■ What the task requires ■
Your task is to copy the lines of the data below from the line holding "Tract 13 at" through the line holding "West Jordan Offers", inclusive, exactly and with nothing added.

■ Dataset excerpts ■

=== Section Start ===

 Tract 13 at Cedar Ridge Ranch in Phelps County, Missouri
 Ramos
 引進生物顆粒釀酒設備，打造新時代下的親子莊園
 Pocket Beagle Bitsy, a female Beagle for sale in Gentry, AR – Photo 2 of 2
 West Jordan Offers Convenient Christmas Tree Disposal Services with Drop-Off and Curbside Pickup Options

=== Section End ===
=== Section Start ===

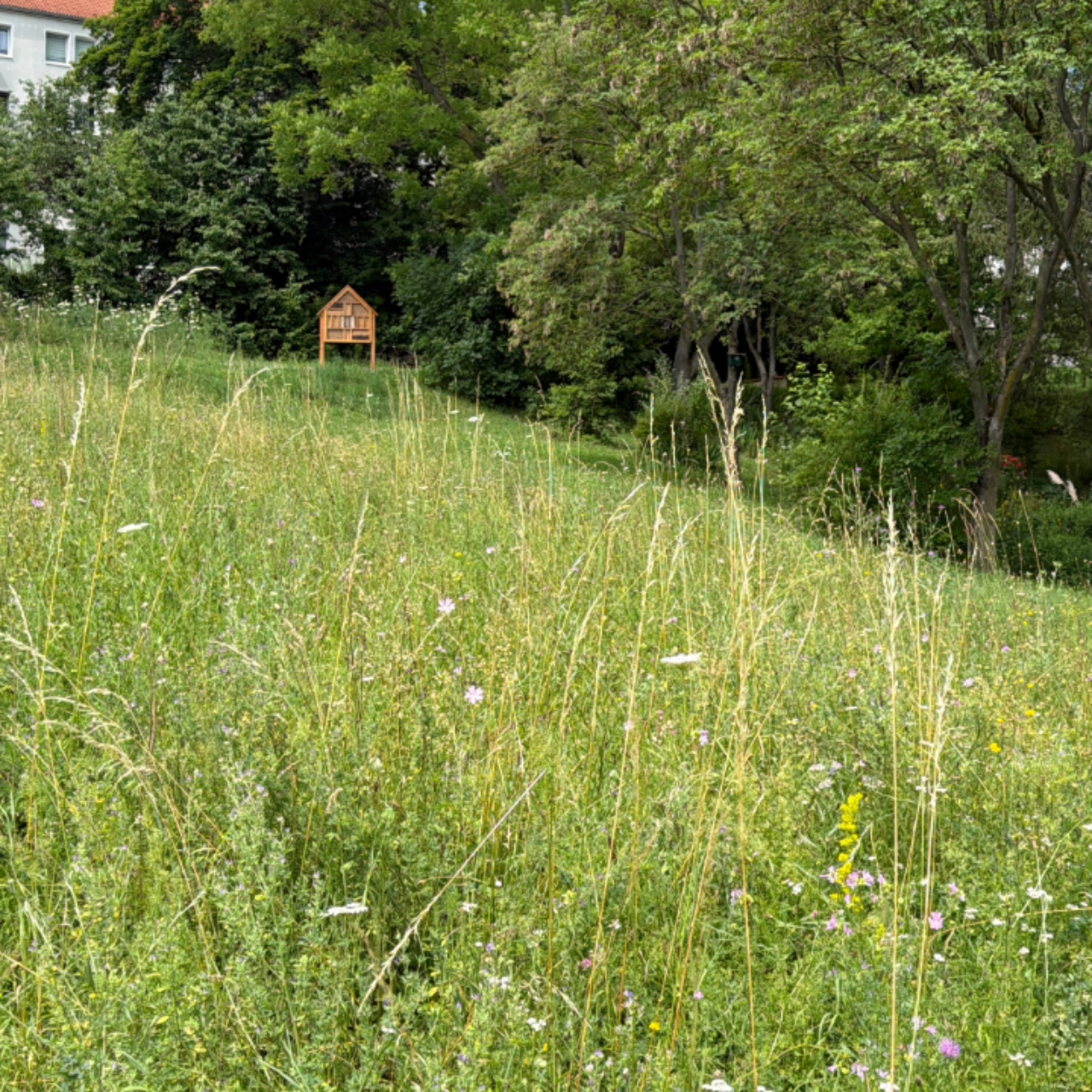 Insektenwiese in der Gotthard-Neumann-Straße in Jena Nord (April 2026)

=== Section End ===

■ Finished exercise ■
 Tract 13 at Cedar Ridge Ranch in Phelps County, Missouri
 Ramos
 引進生物顆粒釀酒設備，打造新時代下的親子莊園
 Pocket Beagle Bitsy, a female Beagle for sale in Gentry, AR – Photo 2 of 2
 West Jordan Offers Convenient Christmas Tree Disposal Services with Drop-Off and Curbside Pickup Options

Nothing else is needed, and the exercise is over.